I agree this is quite important. To add a specific case that’s causing us some trouble at the moment, qnn.requantize is implemented differently in Relay to the quantization scheme in TFLite and therefore we can get quite different results running a network through TVM vs. TFLite. For a single operator this tends to just be an error of +/- 1 from rounding mode differences but propagated through a large network we’ve seen these errors add up.

I think either we need qnn.requantize to be ‘configurable’ to support the different numerical behaviour of different frontends or potentially have different requantize ops entirely.

Yes exactly! I feel your pain too Some frameworks use full range eg [-128,127], others restricted [-127,127]. Even at operator level, using per-channel or per-layer is sometimes not sufficient. A point convolution should not deal with channels the same way a generic conv do. Likewise for a conv with groups etc. or even more fun with fusing/splitting operators.

So the framework should be flexible to use such dedicated quantizers if need be, maybe through some kind of pattern matching.

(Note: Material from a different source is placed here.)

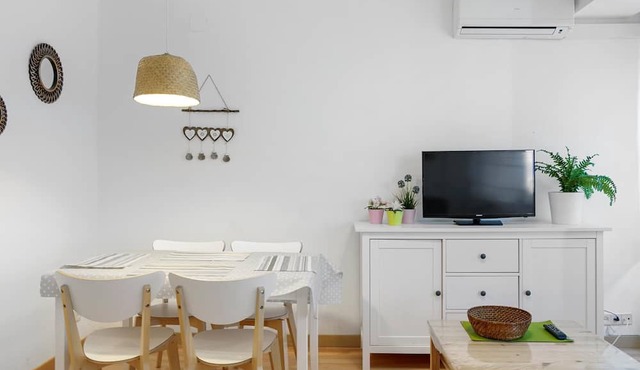Family apartment with the beach only a step away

I like to use the video codec analogy: there are many ways to encode a video but you must have one way for any player to play it back.

In that sense, I see qnn ops as the decoder part, and this framework flexible enough to allow various encoding schemes over time. For validation, we could start with reproducing say TFlite way but we should not be limited by it (because TFlite is very very limited).

mbaret · April 23, 2021, 4:17pm

Agreed, but it would be nice to agree a ‘TVM’ standard way to represent quantization at various levels. That way others (maybe even me ) can start applying that standard to the frontends. It would also make it easier to get accelerators to work with TVM’s auto-quantization.

We need to be a bit careful doing this, because it’s the frontend behaviour that’s different rather than the backend. So any such differing in canonicalization should correspond to an attribute on qnn.requantize that determines the desired numerical behaviour.

I think this is one of the major complications for quantized accelerators - we require that everything is in the affine space. That is to say, we don’t have an ‘integer’ accelerator but specifically a quantized one. So even things like sigmoid which seems strange to run in the affine space at least need to be ‘fake quantized’ with dequantize/quantize so we have access to those affine parameters. TFLite does this relatively neatly by having the quantization parameters as part of the tensor type but unfortunately we can’t do the same thing in TVM.

I’m also hoping for this If we can arrive at a durable and flexible representation for auto-quantization I think it would even be beneficial to see if we can rewrite parts of the TFLite frontend to conform to that.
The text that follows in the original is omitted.